**Task instructions:**
With both ends included, repeat exactly the lines of the entries below from the one containing "GORE-TEX ゴアテックス 防水性・透湿性・防風性" down to the one containing "vans-authentic VN0A38EN7BC", and no others.

**Provided records:**
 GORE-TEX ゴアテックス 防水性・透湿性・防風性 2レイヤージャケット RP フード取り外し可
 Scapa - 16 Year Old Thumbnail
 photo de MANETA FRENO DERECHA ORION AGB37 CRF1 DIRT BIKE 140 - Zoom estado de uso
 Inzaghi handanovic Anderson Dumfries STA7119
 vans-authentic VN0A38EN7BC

---

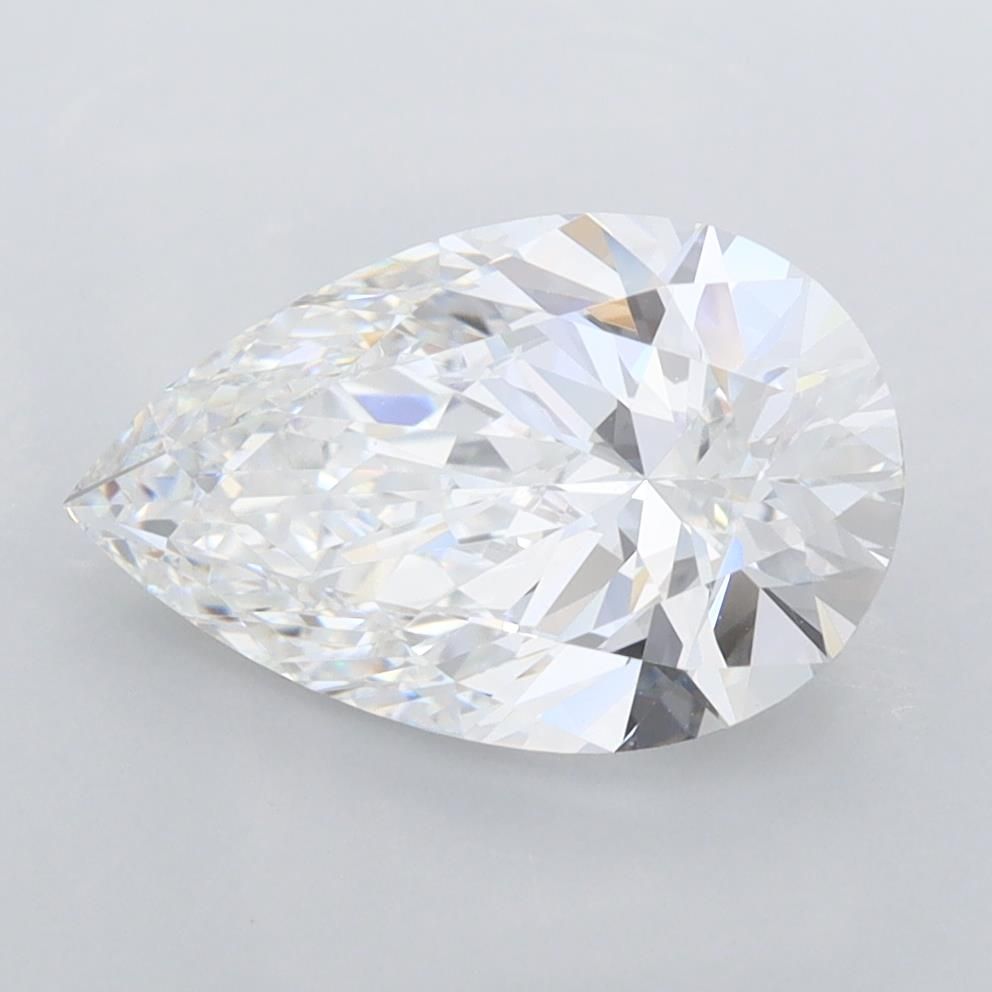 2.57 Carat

**Final answer:**
 GORE-TEX ゴアテックス 防水性・透湿性・防風性 2レイヤージャケット RP フード取り外し可
 Scapa - 16 Year Old Thumbnail
 photo de MANETA FRENO DERECHA ORION AGB37 CRF1 DIRT BIKE 140 - Zoom estado de uso
 Inzaghi handanovic Anderson Dumfries STA7119
 vans-authentic VN0A38EN7BC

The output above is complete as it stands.